(Exercise brief) For each entry below, please return its exact wording and leave out any picture.

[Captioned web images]

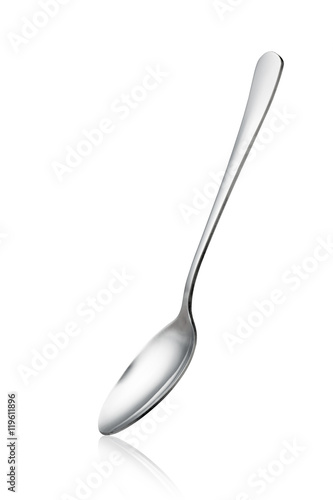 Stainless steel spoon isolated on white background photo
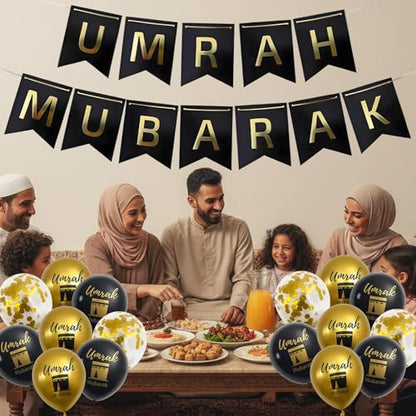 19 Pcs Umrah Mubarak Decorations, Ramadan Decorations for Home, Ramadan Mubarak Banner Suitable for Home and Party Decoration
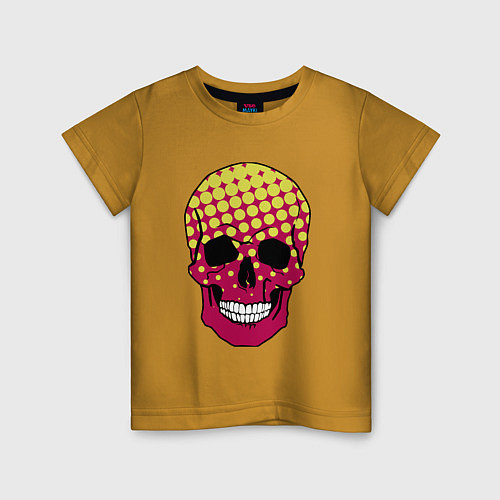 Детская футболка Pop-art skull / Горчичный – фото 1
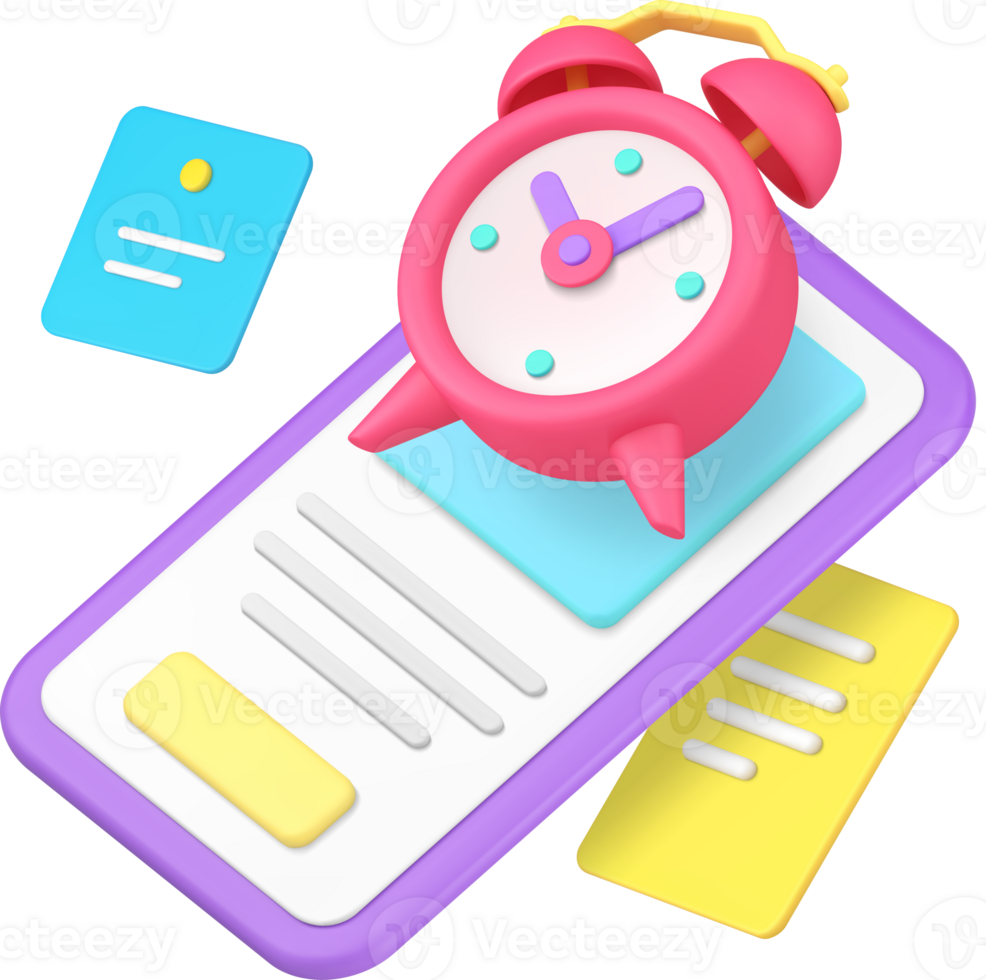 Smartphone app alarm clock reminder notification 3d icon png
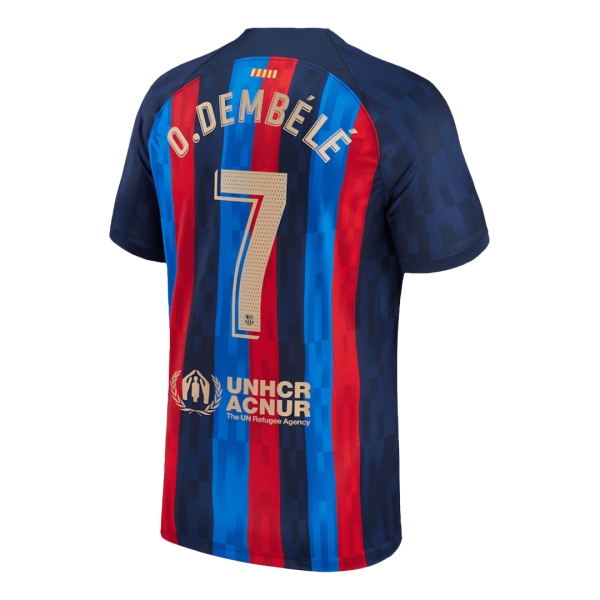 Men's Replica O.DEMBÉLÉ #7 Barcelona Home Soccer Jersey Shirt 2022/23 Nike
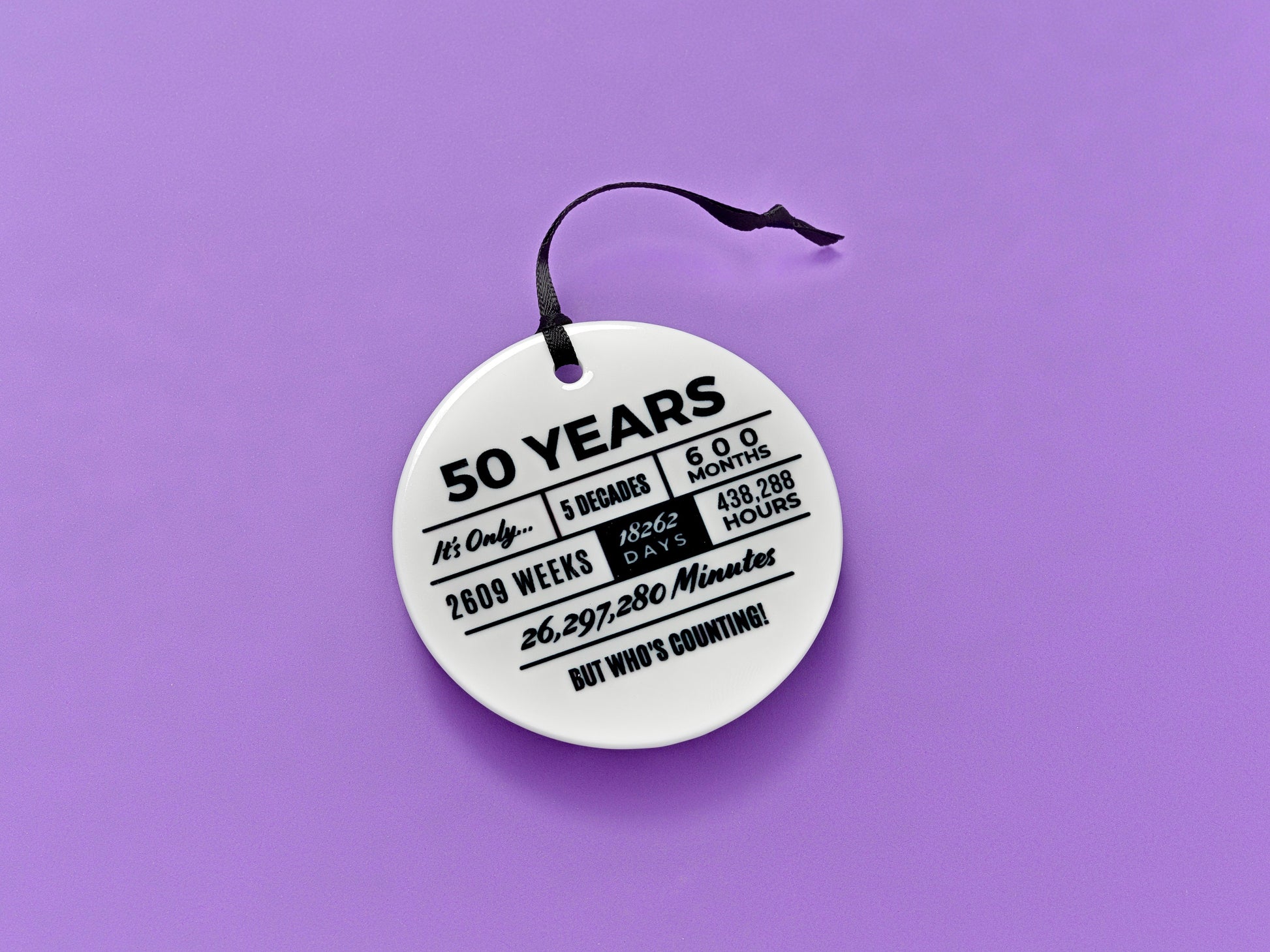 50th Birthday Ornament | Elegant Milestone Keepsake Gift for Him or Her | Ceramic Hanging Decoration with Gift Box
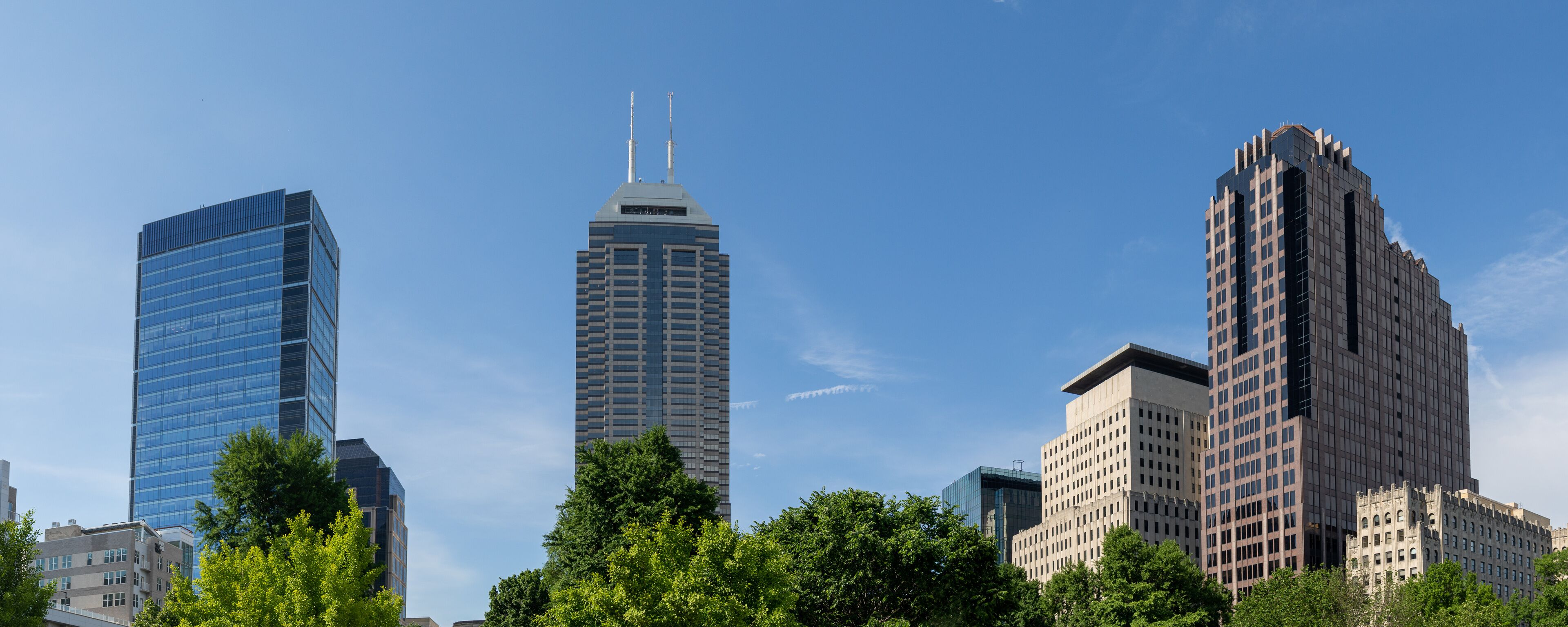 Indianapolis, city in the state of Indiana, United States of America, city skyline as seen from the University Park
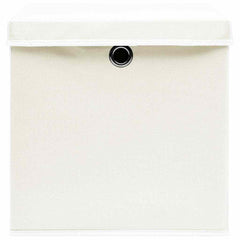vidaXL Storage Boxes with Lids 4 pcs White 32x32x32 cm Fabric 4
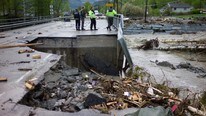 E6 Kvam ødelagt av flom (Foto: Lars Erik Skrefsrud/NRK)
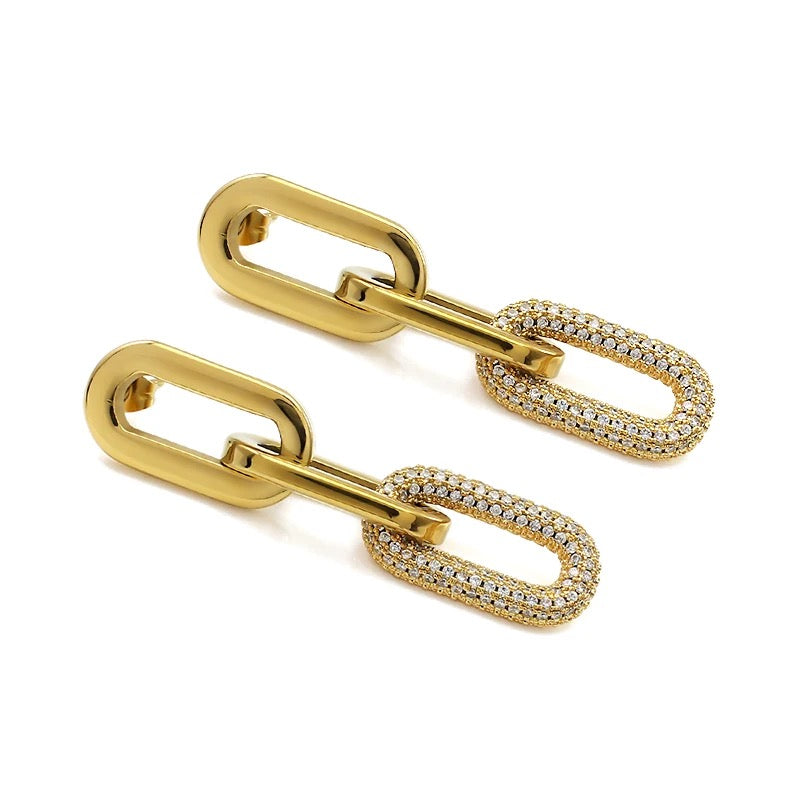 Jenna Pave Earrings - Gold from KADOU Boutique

(Written response)
 Stainless steel spoon isolated on white background photo
 19 Pcs Umrah Mubarak Decorations, Ramadan Decorations for Home, Ramadan Mubarak Banner Suitable for Home and Party Decoration
 Детская футболка Pop-art skull / Горчичный – фото 1
 Smartphone app alarm clock reminder notification 3d icon png
 Men's Replica O.DEMBÉLÉ #7 Barcelona Home Soccer Jersey Shirt 2022/23 Nike
 50th Birthday Ornament | Elegant Milestone Keepsake Gift for Him or Her | Ceramic Hanging Decoration with Gift Box
 Indianapolis, city in the state of Indiana, United States of America, city skyline as seen from the University Park
vidaXL Storage Boxes with Lids 4 pcs White 32x32x32 cm Fabric 4
 E6 Kvam ødelagt av flom (Foto: Lars Erik Skrefsrud/NRK)
 Jenna Pave Earrings - Gold from KADOU Boutique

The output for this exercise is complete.